Bipin Desai explique que n’ayant pu se joindre aux manifestations marquant le 80ème anniversaire de May Eliane de Lencquesaing, dont j’ai raconté le faste dans le bulletin 147, il tenait à rendre un hommage à notre hôtesse avec une dégustation originale de ses vins, dont il a réglé l’ordonnancement en trois séries de sept vins. Il a demandé à deux convives de commenter chaque série. Devant parler de la première, je sors mon petit carnet. Pour exprimer le message des vins devant de telles sommités, je me dis que mon apport sera plus intéressant si je parle du vin et de la cuisine, plus que du vin qu’ils connaissent cent fois mieux que moi.
Le menu de ce repas qui dura cinq heures est le suivant : amuse-bouche crème de lentille et truffes / ravioli de champignons, bouillon de pot-au-feu truffé / royale de foie gras de canard, cappuccino de châtaignes / quasi de veau aux légumes d’automne / brie de Meaux affiné à la noix / gourmandises aux marrons et à la mandarine. Quel repas subtil ! Tout était dans des tons d’automne que rehaussait la décoration de la table. Une apparente simplicité, marque d’une maturité extrême, a porté les vins aux nues.

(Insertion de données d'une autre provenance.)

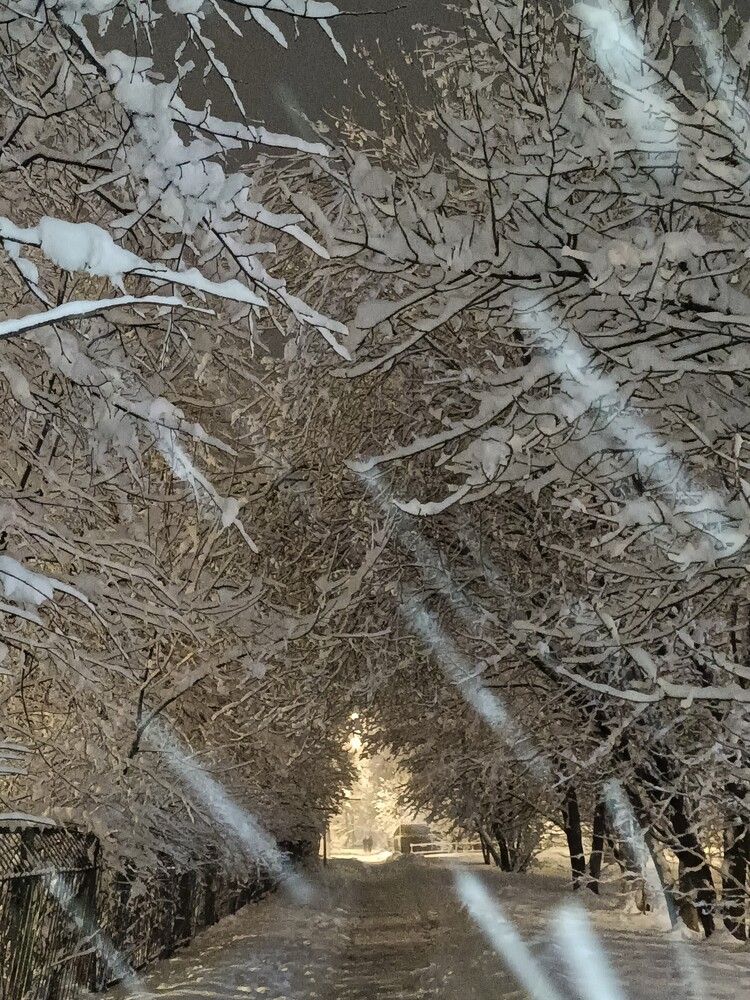 Photo #12128108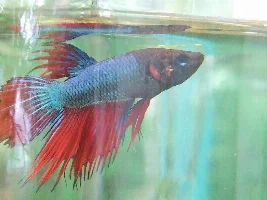 Calling All Betta Owners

Voici ce que j’ai déclaré devant cette docte assemblée pour la série annoncée ainsi : 34, 55, 64, 75, 78, 90, 2001. Pensant que le premier vin était le 1934, puisque c’était écrit dans cet ordre, j’eus un choc olfactif. Comment un vin peut-il avoir cette folle jeunesse ? C’était le 2001 (rires dans la salle). Le 2001 (il s’agit, on l’imagine volontiers, uniquement des vins de Pichon Longueville Comtesse de Lalande) a un nez épicé, très élégant. Le 1990 à la couleur très généreuse a un nez nettement plus évolué. Il est même légèrement bouchonné. Le 1978, par contraste, a un nez éblouissant de vin en pleine force de l’âge. Il est capiteux, velouté, ce nez. Je porte les vins à mes lèvres. Le 2001 est encore un enfant, rêche, rugueux, fougueux, son bois est austère, mais il promet. Le 1990 n’a pas l’effet du bouchon en bouche. Il est toutefois un peu bridé. Le 1978 a une expression généreuse, c’est un vin chantant qui glisse en bouche avec un vrai bonheur.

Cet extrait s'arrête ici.